| Activity |
There are pictures in the records below; leave them out and set down exactly the lines from the one holding "Detail of blue" through the one holding "two benches sitting".

[[ Exercise material, beginning ]]

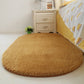 Khaki tan oval plush pet bed pad with soft shag pile and flat surface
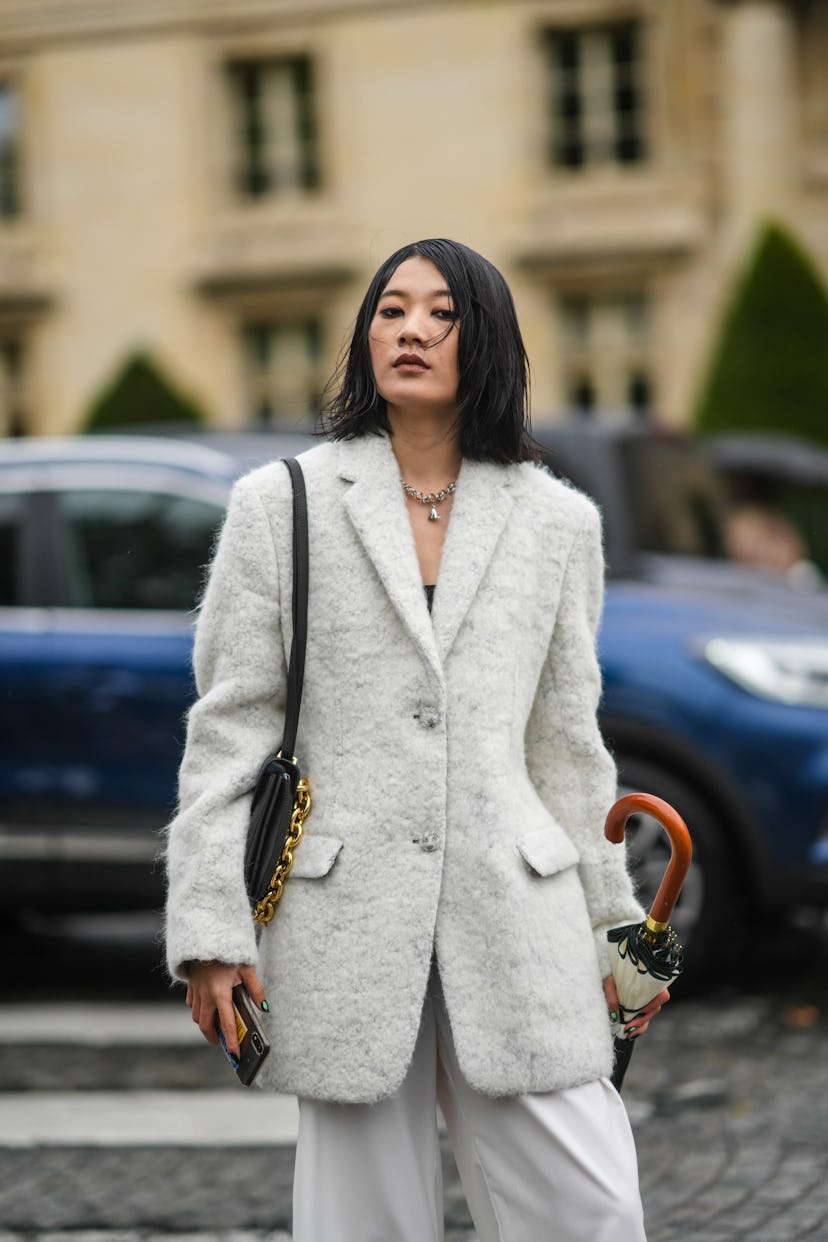 PARIS, FRANCE - OCTOBER 05: A guest wears a silver large chain pendant necklace, a white fluffy long...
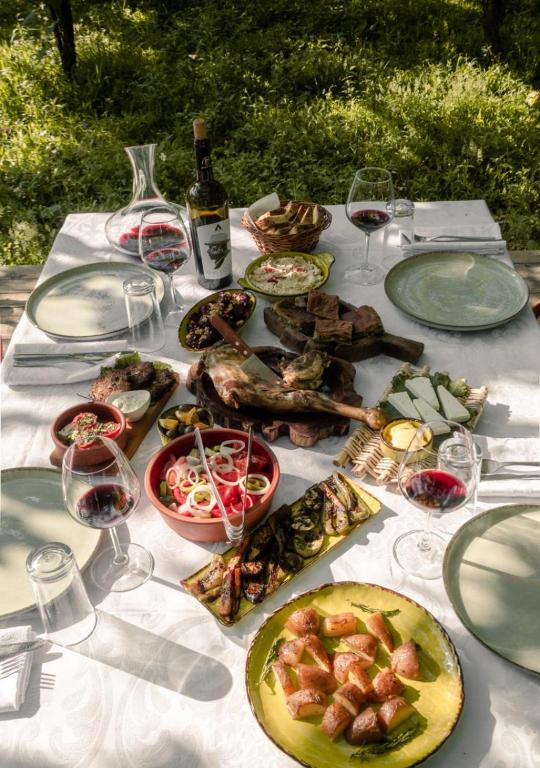 a table with plates of food and glasses of wine at Alpeta Agrotourism & Winery - Roshnik , Berat in Berat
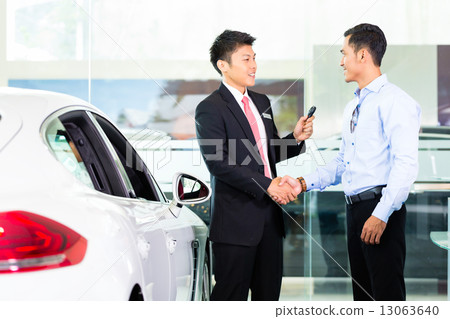 Asian Car Salesman selling auto to customer 13063640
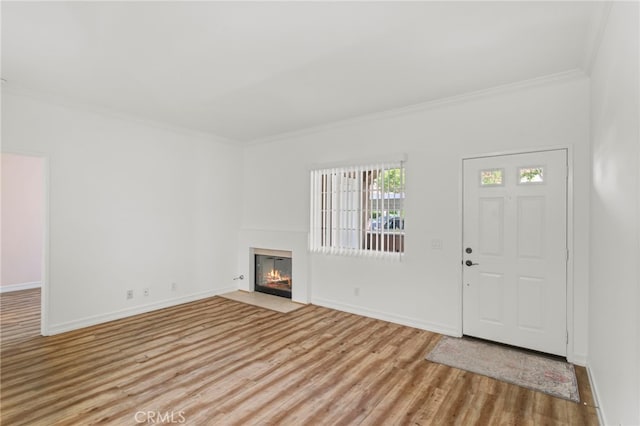 68 Via Terrano, Rancho Santa Margarita, CA 92688 - foyer with crown molding, wood finished floors, a fireplace with flush hearth, and baseboards
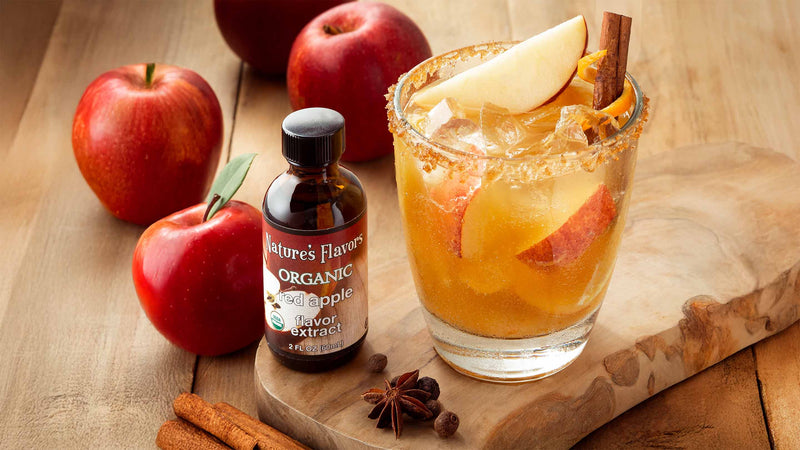 A refreshing glass of apple cider with cinnamon and a bright red apple resting on a rustic cutting board, flavored with nature's flavors organic apple cider flavor extract.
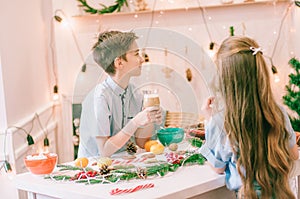 Cute little sister with long hair and an older brother drink cocoa and eat gingerbread cookies by the window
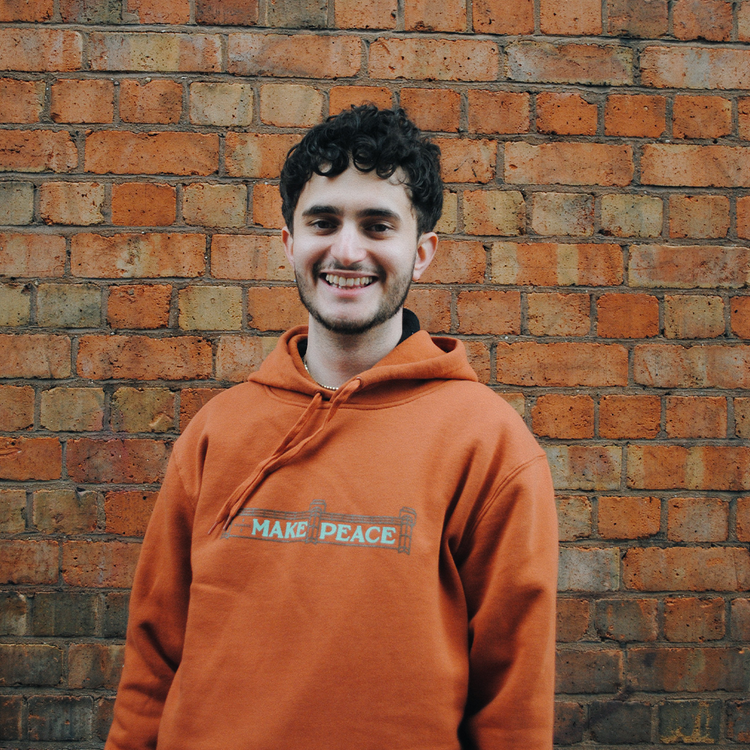 Photograph of a man wearing the Brumbox G A Makepeace Hoody in copper (front)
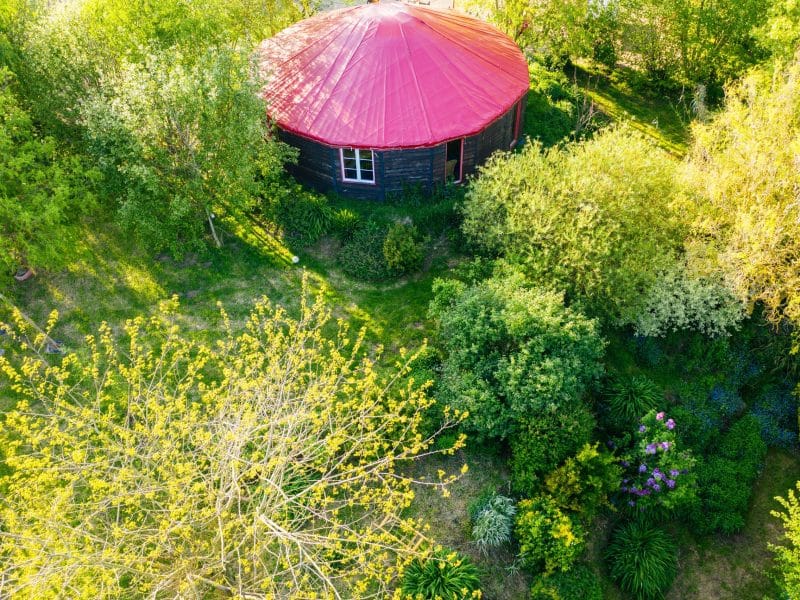 Yourte entourée de verdure, avec un toit rouge et un jardin fleuri.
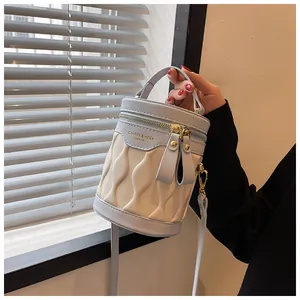 Detail of blue and white bucket bag with wave quilted texture and dual zippers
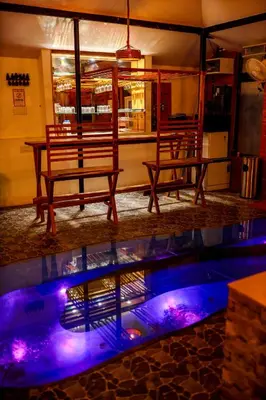 two benches sitting next to a swimming pool at night at Belljem Homes -your own private resort -1 BR in Trichūr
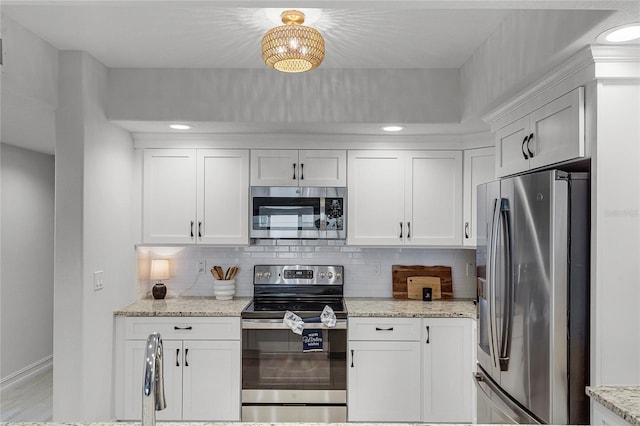 kitchen with light stone countertops, backsplash, appliances with stainless steel finishes, and white cabinets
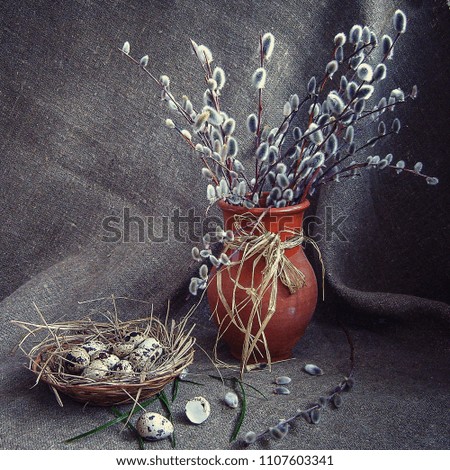 Spring still life with eggs and willow branches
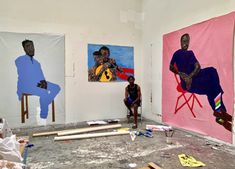 two men sitting in front of paintings on the wall and floor with construction materials around them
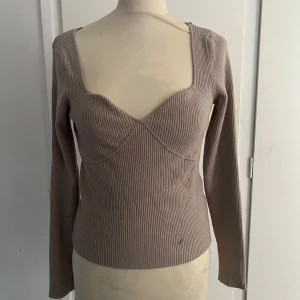 Beige ribbad tröja från SHEIN - Säljer en beige ribbad tröja från SHEIN med lång ärm och markerad byst. Tröjan har en fyrkantig ringning och är tillverkad i stretchigt material som sitter snyggt. Perfekt för dig som gillar stilrena basplagg.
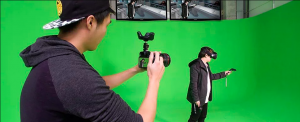 Filming a man with a VR headset on against a green screen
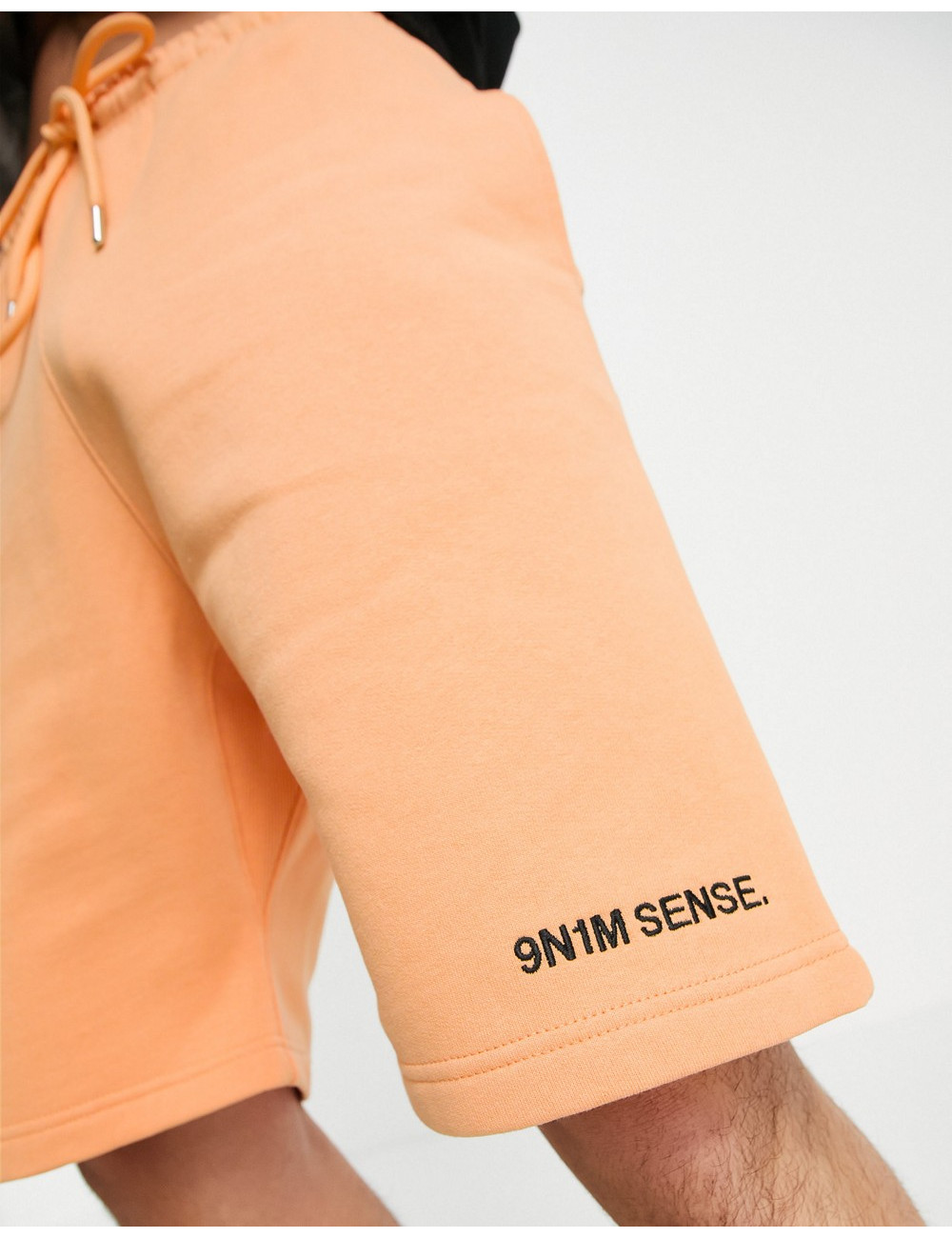 9N1M SENSE logo shorts in...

[[ Exercise material, end ]]

| The answer |
 Detail of blue and white bucket bag with wave quilted texture and dual zippers
 two benches sitting next to a swimming pool at night at Belljem Homes -your own private resort -1 BR in Trichūr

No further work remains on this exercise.